Moon Manor – ★★★★

Moon Manor – ★★★★

Filled with melancholy and beauty, Moon Manor truly surprises. This wonderful yet heartbreaking film celebrates life; this is a brilliant little gem of a film.

On his last day alive, Jimmy (James Carrozo) will show his estranged brother, salt-of-the-earth caretaker, sharp-witted death doula, a novice obituary writer, a cosmic being, and the guests at his FUNeral that sometimes the art of living just may be the art of dying.

A film about a man planning on dying on his own terms due to his worsening Alzheimer’s is not exactly the type of film that you would expect to be as sweet and touching as Moon Manor turns out to be. But with such a strong concept as presented you can’t help but pulled in. Finding yourself for the majority of the film being further reeled in with the greatest of eases.

We have a lead character who is fully aware of the difficulties that he has had in his life but is more willing to view the positives, and if we all tried to do that, what a world we would live in. Moon Manor allows the audience, no matter their age, to think of those moments in their lives that they can smile back on. While also being aware of their fears of death, no matter how far up the road it is.

However, considering all of the positivity pushed in front of us throughout the film. We know how Moon Manor will end, and thus a melancholic sense of dread is omnipresent throughout. It is at this point that writer directors Machete Bang Bang and Erin Granat show some great restraint in the final act. As your heartstrings are pulled and they stick their landing, you can only applaud their work her. Leaving you wanting the film to the widest possible audience, it really does deserve it. The build to that finale is perfectly done as well; throughout we see how Jimmy feels about his life, but when we get to see how people view Jimmy and his impact on them, we feel it all deepen with us and emotionally connect even more.

The strongest aspect in Moon Manor, of course, has to be James Carrozo.

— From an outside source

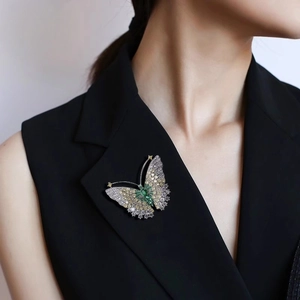 Détail d'une broche papillon avec pierres vertes sur le revers d'un costume noir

You will be hard-pressed not to fall for him (especially considering some of the scripts is based on his real-life experiences). Having him so well fleshed out gives life to the film, you believe everything that has happened to him and as he ponders those moments, you buy it with ease. The little facial movements are what work so well, you understand this character, you may even know someone who is in a similiar situation and you wonder if they had Jimmy’s mindset, would they be thinking the same. His ability to have the audience gravitate towards him is vital to the film working.

Additionally, the rest of the cast fulfils their roles to great effect. All of them know their task and never allow us to be overly deterred from the end goal and point of the film. Considering how small a production Moon Manor is, it is no mean feat to accomplish this, especially when you consider the story that is trying to be told.

With that said, for a film just over 90 minutes, there is just a little too much going on with Jimmy bringing in more and more people into his final 24 hours. In addition, having so many narrative threads running simultaneously means that some are less fleshed out and come across as forced instead of being more natural than others. With more focus and time on the central threads, Moon Manor could have been even better. However that is not negate what has come before or after it. This is without a doubt a very good film that stays with you due to how effective it is. Small issues are easily forgiven when a film does everything so well here.

Moon Manor is a film that have you wanting to view things as positively as Jimmy does. We are presented with a beautifully done film. There is the chance that this will bypass you due to how small a production it is. With that said, if the movie pops up on your radar, watch it. You won’t be disappointed.

Moon Manor is available in theatres and On Demand now.